3
$\begingroup$

In a scope that defines two variables a and b, the code firstly does things only on a. Then a is not used anymore. And it does things only on b afterward.

A possible optimization is to deallocate a before using b, and allocate b in the same memory location as a (if they are allocated on the stack).

In C you could manually do this by grouping each of the two parts using braces. But are there languages or compilers that could automatically do this as an optimization? (I believed some compilers do, but found they don't.) I could accept constructors and destructors are not called in a reliable time sequence in such a language, or at least in the situations that support the optimization. But could it still be possible if there are pointers may or may not be pointing to the variable?


This was the code I was testing in gcc and g++:

#include<stdio.h>

int main(){
    int a[2000000];
    scanf("%d",&a[900000]);
    printf("%d\n",a[900000]);
    int b[2000000];
    scanf("%d",&b[900000]);
    printf("%d\n",b[900000]);
}

It segfaulted but would work with the b part all removed. Adjust the numbers if your system had a different default stack size.

I did believe gcc has this optimization as the comments suggest, but it didn't pass the test, even with -O3. Before knowing this, what I intended to ask was whether there are any advances (assuming it has existed in the first place) to this kind of optimization, with the new concepts such as ownership.

$\endgroup$
6
  • $\begingroup$ Isn't this exactly the result of standard register-allocation algorithms? $\endgroup$
    – Michael Homer
    Commented Feb 25 at 1:01
  • 2
    $\begingroup$ C compilers already do this, even without braces. On godbolt.org/z/v9bd13xaY you can see that the same register is reused for a and b. $\endgroup$ Commented Feb 25 at 1:12
  • $\begingroup$ @MichaelHomer Well, apparently my first test was correct and I made mistakes while retesting them before posting the previous comment.

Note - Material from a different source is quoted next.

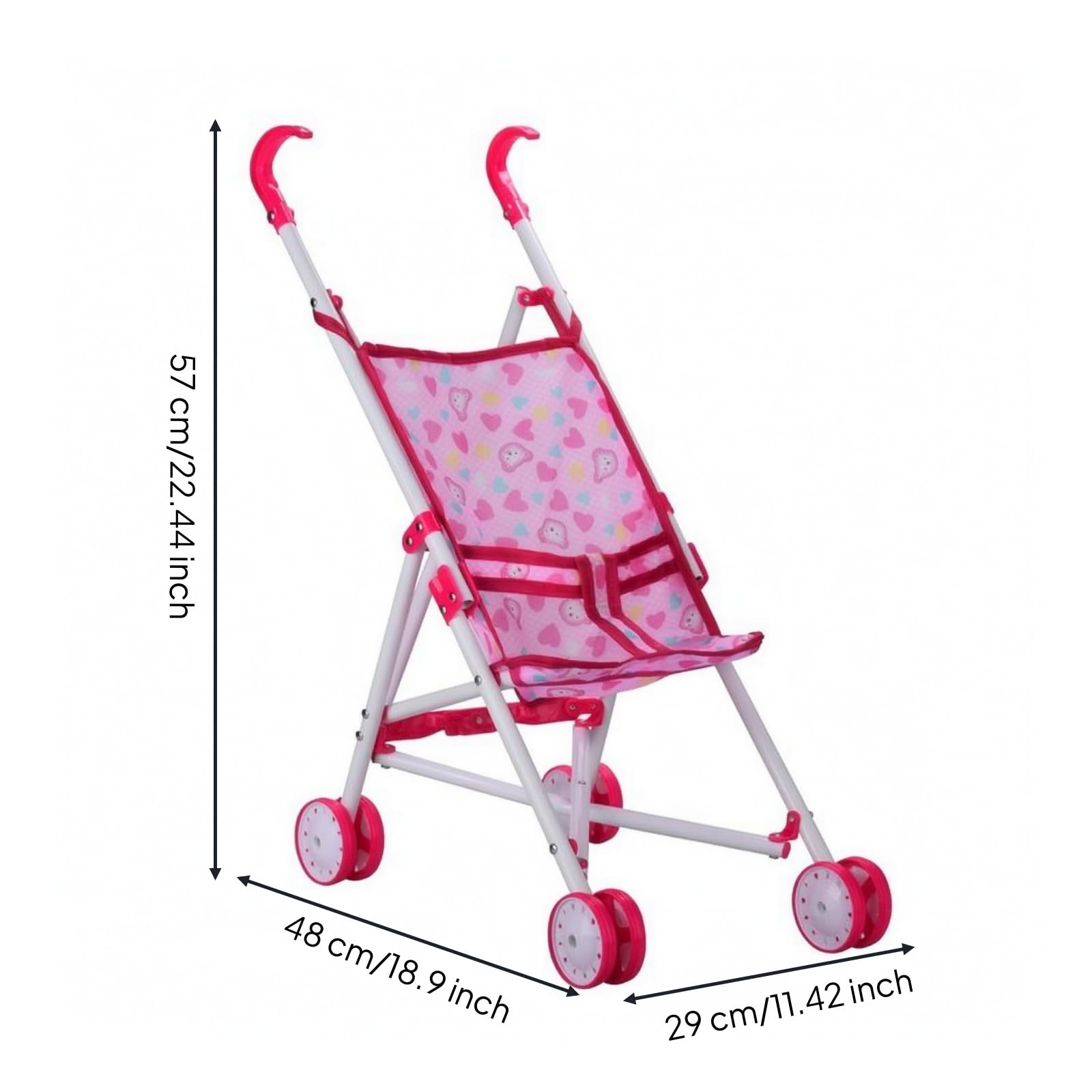 predolo Psste Ppée Cadre en Métal Pliable Psste Ppée Pliante Solide J pr Enfants, Poussette Bébé Hld17b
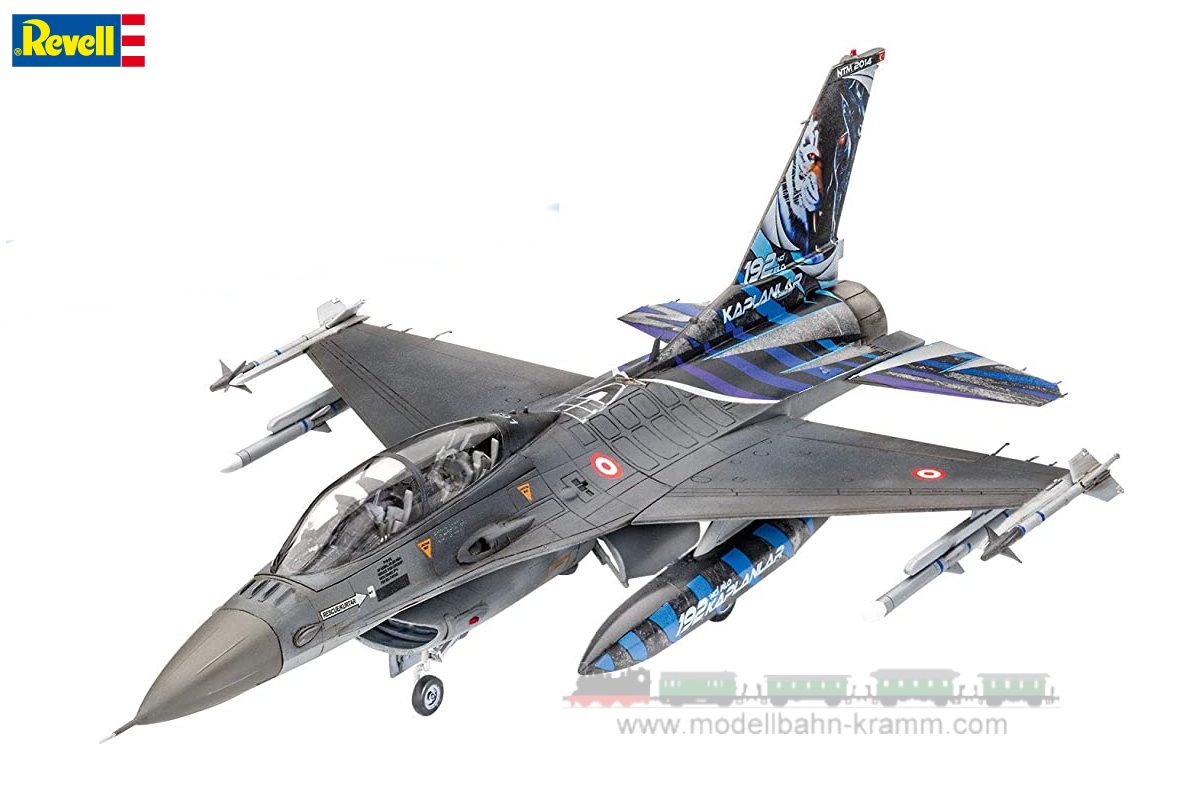 Revell 03844, EAN 4009803038445: 1:72 Bausatz Lockheed Martin F-16D Tigermeet 2014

Saying this similar to register allocation is reasonable. But the test shows it isn't used in general variables. I wonder if it is because of the difficulty of dealing with pointers. $\endgroup$
    – user23013
    Commented Feb 25 at 1:44
  • 1
    $\begingroup$ This is an extraordinarily specific conception of "general variables", but I think this is essentially an exact duplicate of this question in that case. This example requires uniqueness to be enforced, because there is otherwise an unrestricted alias into a handed to other (linked) code and so it obviously can't be reused. That isn't really an optimisation issue, it's just C semantics. I don't think this is necessarily a useful example for the rest of the question that is barely about that material element, but the emphasis could be shifted. $\endgroup$
    – Michael Homer
    Commented Feb 25 at 2:01
  • $\begingroup$ @MichaelHomer While I don't think the questions are exactly the same, static single assignment and register allocation does answer what class of problem it belongs to. Nonuniform sizes and pointers adds significantly more complication, but I probably shouldn't expect there are better answers than general memory management and garbage collection. $\endgroup$
    – user23013
    Commented Feb 25 at 2:34

6 Answers 6

8
$\begingroup$

Yes. The Koka programming language does this. What you are looking for is referred to by the authors as "garbage-free" memory management, and "reuse" (in various forms).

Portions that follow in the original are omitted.